CINCINNATI (Reuters) – A heated playoff is taking place in Cincinnati to decide who gets a coveted spot in the Super Bowl, but the losing Bengals and other professional football teams are not part of the competition.

This playoff is among eight brands owned by consumer products maker Procter & Gamble Co. to snag the company’s first-ever spot on the widely watched National Football League championship game telecast.

The battle is noteworthy because Cincinnati-based P&G, one of the world’s largest advertisers, has been conspicuous in its absence from the annual parade of pitches by major companies to what is the largest viewing audience of the year.

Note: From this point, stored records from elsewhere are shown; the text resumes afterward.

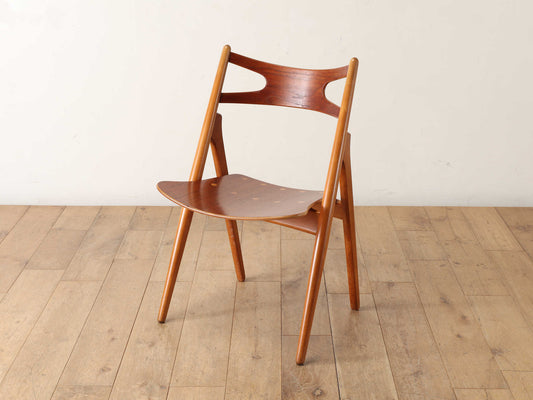 HANS J. WEGNERチェア CH29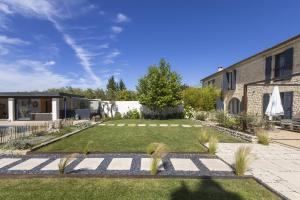 Villas Le Mas des Oliviers : photos des chambres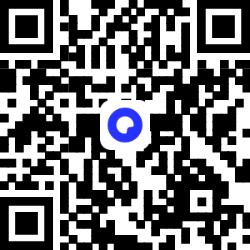夸克网盘二维码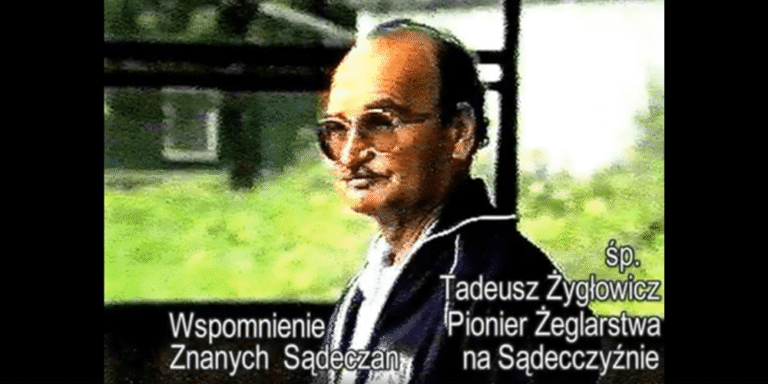 Saga o Tadeuszu Żygłowiczu (1980 – 2000).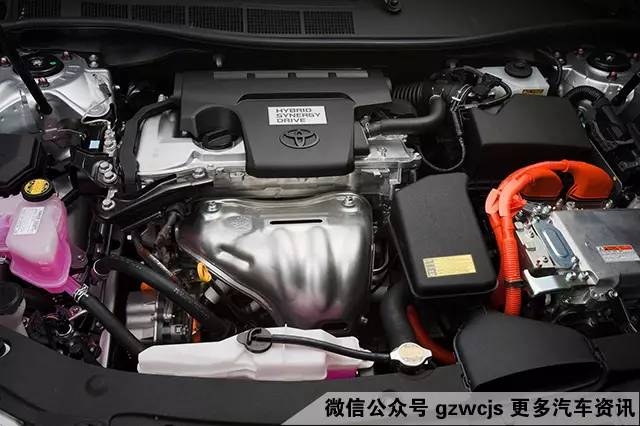 你不知道排量大、动力强、但油耗也能低?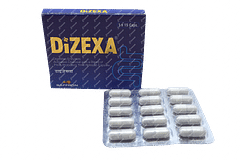 Dizexa Capsule 15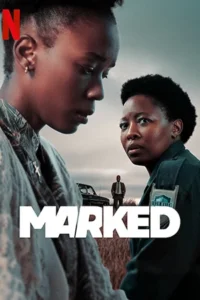 Marked – Netflix Original (2025) Season 1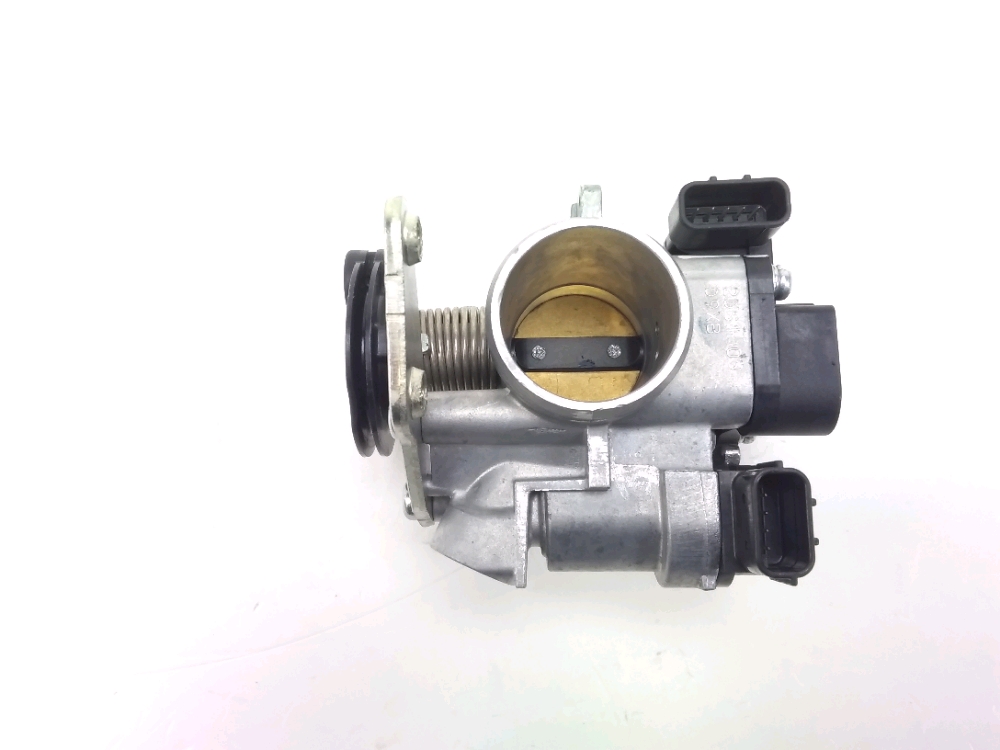 CORPS D'INJECTION DROIT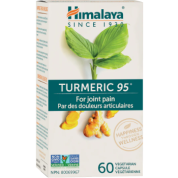 Turmeric 95 - 60 V-Caps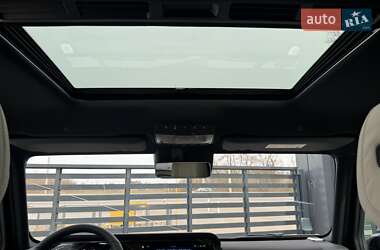 Внедорожник / Кроссовер Mercedes-Benz G-Class 2024 в 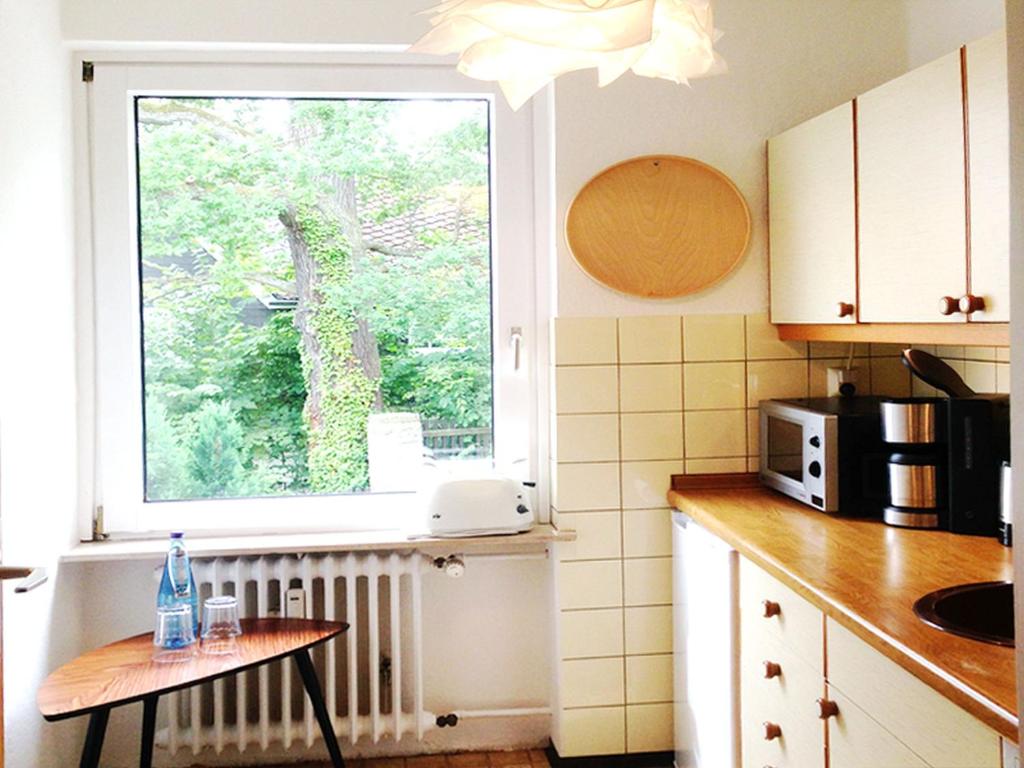 Fotografie z fotogalerie ubytování Gästehaus Elena v destinaci Kassel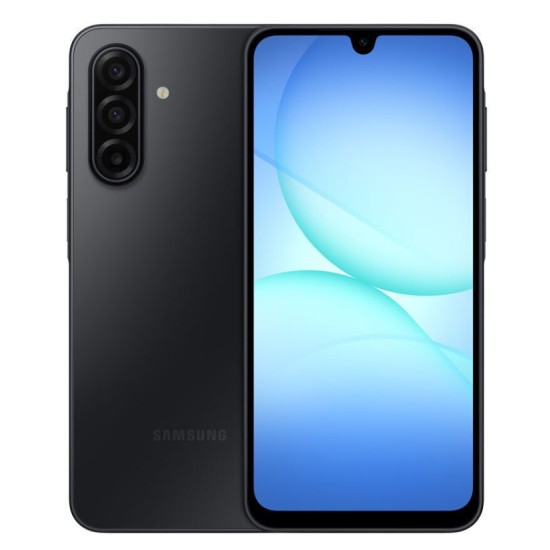 Samsung Galaxy A17 5G Dual SIM 4/128GB Black
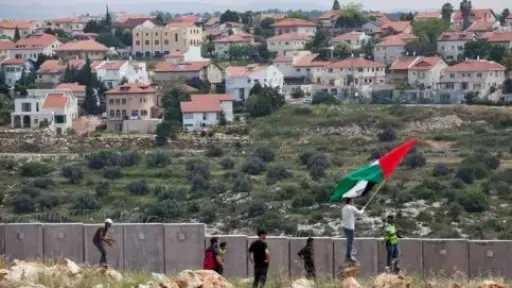 حماس تحذر من خطورة نهج الاحتلال بالتوسع الاستيطاني:... حماس تحذر من خطورة نهج الاحتلال بالتوسع الاستيطاني: يخدم مشروع التهجر القسري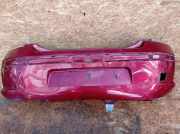 Hintere Stoßstange PEUGEOT 407 (6D_) 2.0 HDi 135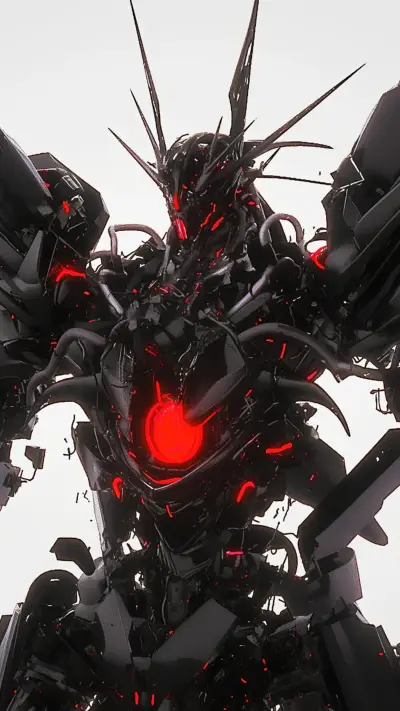 战神降临-顶晟科技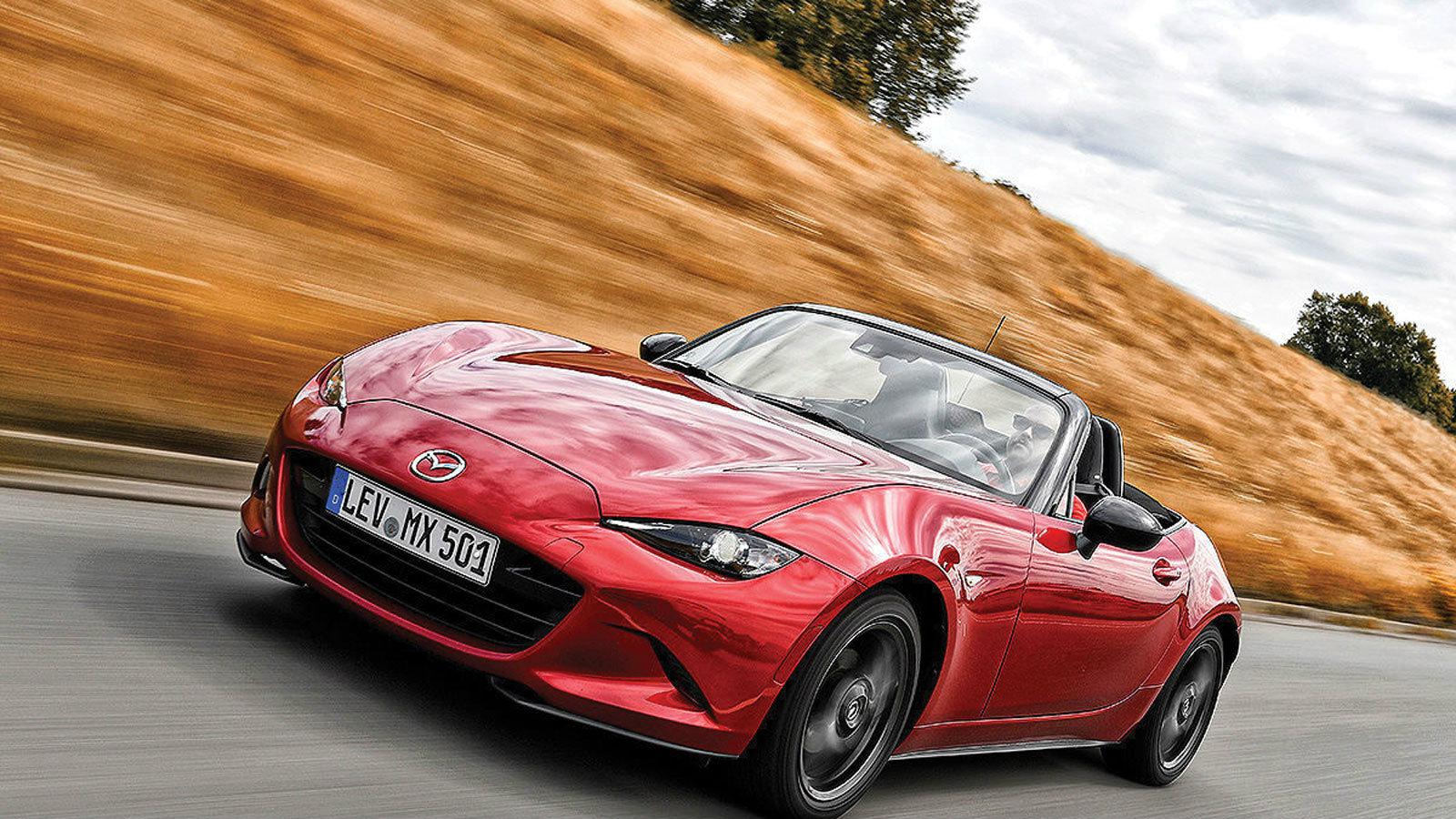 DEKRA: Αυτά είναι τα πιο αξιόπιστα αυτοκίνητα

P&G, the maker of Tide laundry detergent, Old Spice deodorant and about 300 other products, had annually decided it can more effectively spend its marketing dollars than on the Super Bowl, where last year a 30-second spot cost $2.2 million.

But this year the Super Bowl XXXVIII is being broadcast by CBS, which is owned by Viacom Inc., with which P&G has a wide-ranging marketing agreement. The decision to run a spot during the Super Bowl came from discussions with Viacom, P&G Chief Marketing Officer Jim Stengel said.

“The power of the Super Bowl would be not so much the spot… it’s just what it has done to the creative spirit internally,” Stengel said in an interview with Reuters.

Stengel declined to say how much P&G will pay for its ad.

P&G started a contest to see which brand’s team could come up with the best spot to run during the super Bowl. Twenty-seven applied and were whittled to eight finalists, each of which will produce a commercial. Stengel, P&G Chairman and Chief Executive A.G. Lafley and two others will chose which brand gets the coveted spot.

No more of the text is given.